お役所ではないので暦通りかどうかが問題なのではなく、休日を減らさず、祝日分を平日に休むとか現場の繁忙期にちゃんと対応できるよう合理化したほうがいいと思います」
従来よりドトールの社員は暦通りに休みを取り、業務に対応できていたのかも疑問が残る。そもそも有給休暇や会社休日を返上して働いている社員もいる中で、さらに休日数が減る今回の「休日固定119日制度」を導入すれば、労働環境の悪化は不可避なのではないか。
朝日の記事やインターネット上の指摘通り、有休消化は国の方針だが、休みそのものが減るのであれば本末転倒だ。少なくとも、労働者側に対する不利益変更に見えるのだが、法律で定められている「社員の過半数の代表の同意」を本当に得られていたのだろうか。
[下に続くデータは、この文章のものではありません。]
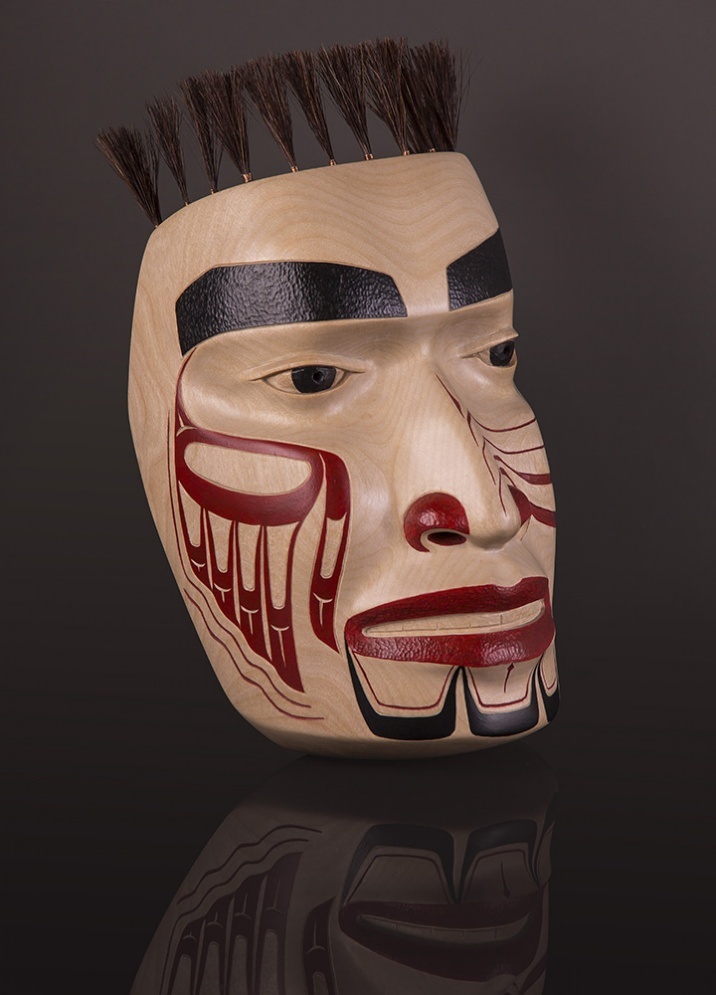 Chief's Portrait Mask Arlene Ness - Gitxsan Birch, acrylic, horsehair, copper wire 11" x 6 1/2" x 4 1/2" mask heat sun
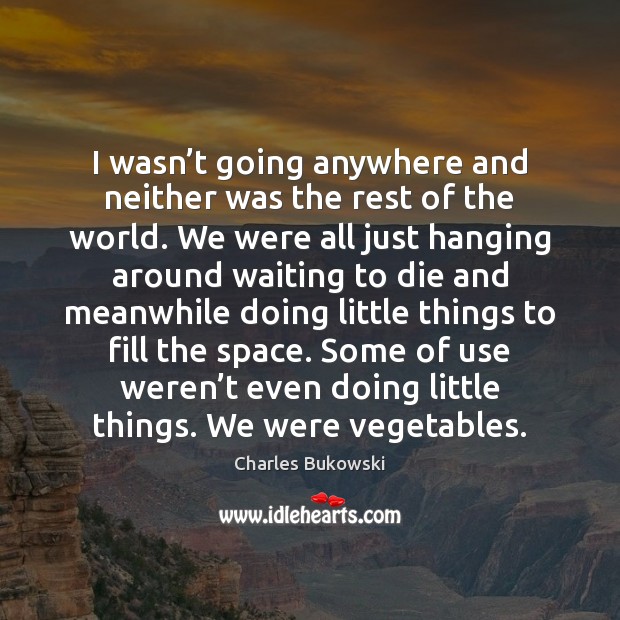 I wasn’t going anywhere and neither was the rest of the Charles Bukowski Picture Quote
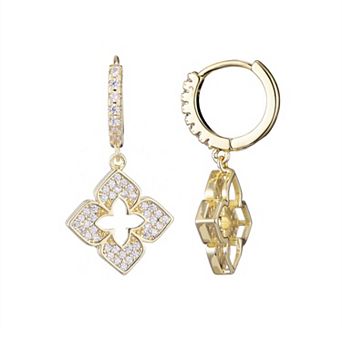 Adornia 14k Gold Flash Plated Cubic Zirconia Pointed Clover Drop Huggie Hoop Earrings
ドトール広報課に事実関係を問い合わせたところ、次のような回答を得た。
「弊社には労働組合はありませんが、過半数の社員が所属する社友会という組織があります。今回の就業規則の変更は同会の意見を踏まえて、労働基準監督署に提出しました。同会の代表者は社員のアンケートによって選ばれています。
休日出勤を行っている直営店部門と比較的に暦通りに休むことができる本社の事務部門の間に、休日取得状況に偏りがあります。今回の規則変更は、それを平準化するために行いました」
労働者との合意なき規則変更は無効
労働ジャーナリストの溝上憲文氏は次のようにこの問題の背景を説明する。
「まず、会社が労働者を1日8時間、週40時間以上労働させる場合は、労働者代表と36協定を結ぶ必要があります。さらに休日労働協定を含めて就業規則の制定、変更も労働者代表との協議が必要です。就業規則などは労働基準監督署に提出する必要がありますが、労働者代表との合意のない就業規則は無効となります。
労働者側は社内に労働組合(従業員の過半数が加入していることが前提)があれば労組が、労組がなければ従業員の過半数を代表する代表者が、会社側と協定を結ぶ必要があります。
法律上の労働者の代表者とは、労働者の自主的かつ公正な選出によって過半数以上の支持を得た社員を指します。ところが実際には、経営者側が都合のよい社員を代表に指名したり、あるいは部課長など管理職から選出したりと、いいかげんな選出が行われていました。